And the text worked. Kevin stopped bugging me.
But now, in the silence of dawn, I desperately want to talk to him. I’m terrified of losing him. Or maybe I’m just terrified of being single again.
Maybe this is for the best.
No, I should be terrified. I want kids. And if I start over again with someone else, that could mean having kids three years later than I want. Or maybe only being able to have one kid, because I’ll be so old when I start trying. Or maybe never getting to have a kid at all, or a husband, ever, and being single for the rest of my life.
Then Giovanni pops into my mind. What a depressing reminder of what I’ll never have. When he left tonight, he kissed me good-bye on the cheek, and my knees gave out a little.
Knees turning to jelly. I hate that feeling, I crave that feeling.
I miss that feeling.
Now that I think about it, it’s been years since my body went limp from a guy. I don’t remember ever having that candle-in-the-sun feeling with Kevin. But I must have. I wouldn’t have stayed with him for three years, I wouldn’t want to marry him, if he didn’t make my heart and my loins ache with desire, at least at the beginning.
Loins ache with desire? I have got to quit reading romance novels. You know who would make a really good novel cover boy …
Stop thinking about Giovanni. He belongs to her. He picked her. And she’s my friend.
Which makes me a really terrible person, because I am obsessing over the riddle of how to kiss him without getting into trouble.
I wonder what they’re doing right now. Probably having sex. I mean, seriously—how could they not be having sex every minute of the day? He’s the most beautiful man in the world. How can she not just bide her time all day waiting to get him back into bed? Or onto a couch, or in the backseat of a car. The backseat. I only thought of it because Nat did that with Marc with a c. I wonder if I could get her back together with … Jessie, stop that! It’s bad enough you want her boyfriend—do you have to wish Marc back on her besides?
I should text Kevin. It’s daytime there, and he’d be happy to hear from me. He’s sorry. He wants to marry me. Yes, he had a few moments of doubt, but didn’t I as well? I bought a bar, for God’s sake. First stone and all that.
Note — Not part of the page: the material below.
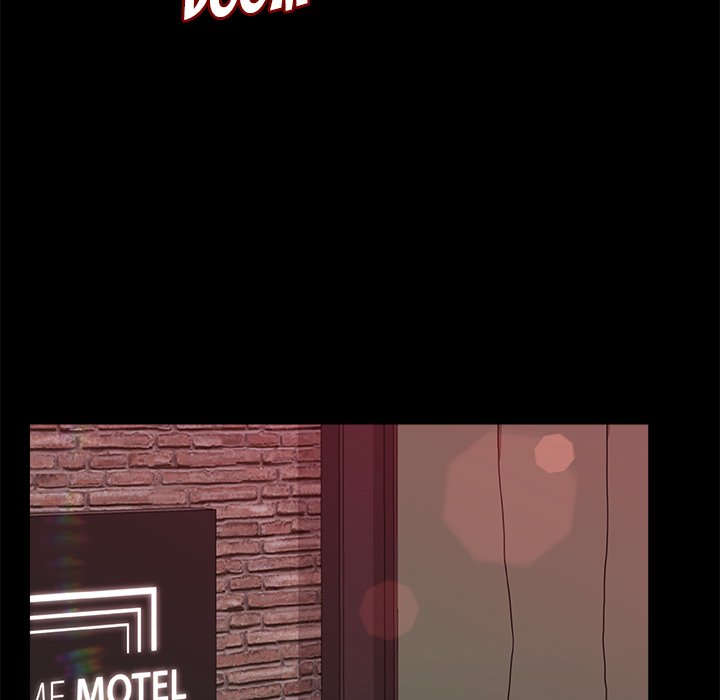 More Than Friends (Fandastic) chapter 7 page 92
I should text Kevin. Shorthand the apology. Figure out our next step and get to the wedding planning.
I pull my phone off the charger on my nightstand and look at it.
For a while.
What do I really want? If I could do anything in the world and not fail, what would I do?
Finally, I type:
You up?
I wait.
Nothing. Then …
Indeed. How are you holding up?
I can’t decide what to do about Kevin. Any advice?
Holly would say what’s your heart telling you?
I can’t tell Nat that my heart is telling me to go after her man. But I can tell a half-truth.
What my heart is telling me is that I don’t want to move to Copenhagen.
That actually is the truth. I have no desire. I don’t know what I do want, but I’m absolutely positive about what I don’t.
Well, there you go.
Thanks. Am I keeping you from Giovanni?
Nah. He’s asleep. I kept him up too late, which I feel little guilty about. (Yeah—not at all.) Have I thanked you for finding him for me?
She kept him up too late. Right.
And it’s all my fault.
The heart doesn’t really get to decide much in life. If it did, we would all live in Paris, painting for a living during the day and sleeping with the father of our children, Ryan Reynolds, at night.
Maybe there’s some way to convince Kevin to come home.
Chapter Thirty-seven
NAT
My Friday started out so promising. I got to wake up to a beautiful man, who’s still happy to only make out with me for hours on end. I have a man leaving his wife for me (which I assume he did last night, based on his texts. All he told me was that things at home had blown up and he’d see me Monday), and I was at a job that I liked, working with people who I love.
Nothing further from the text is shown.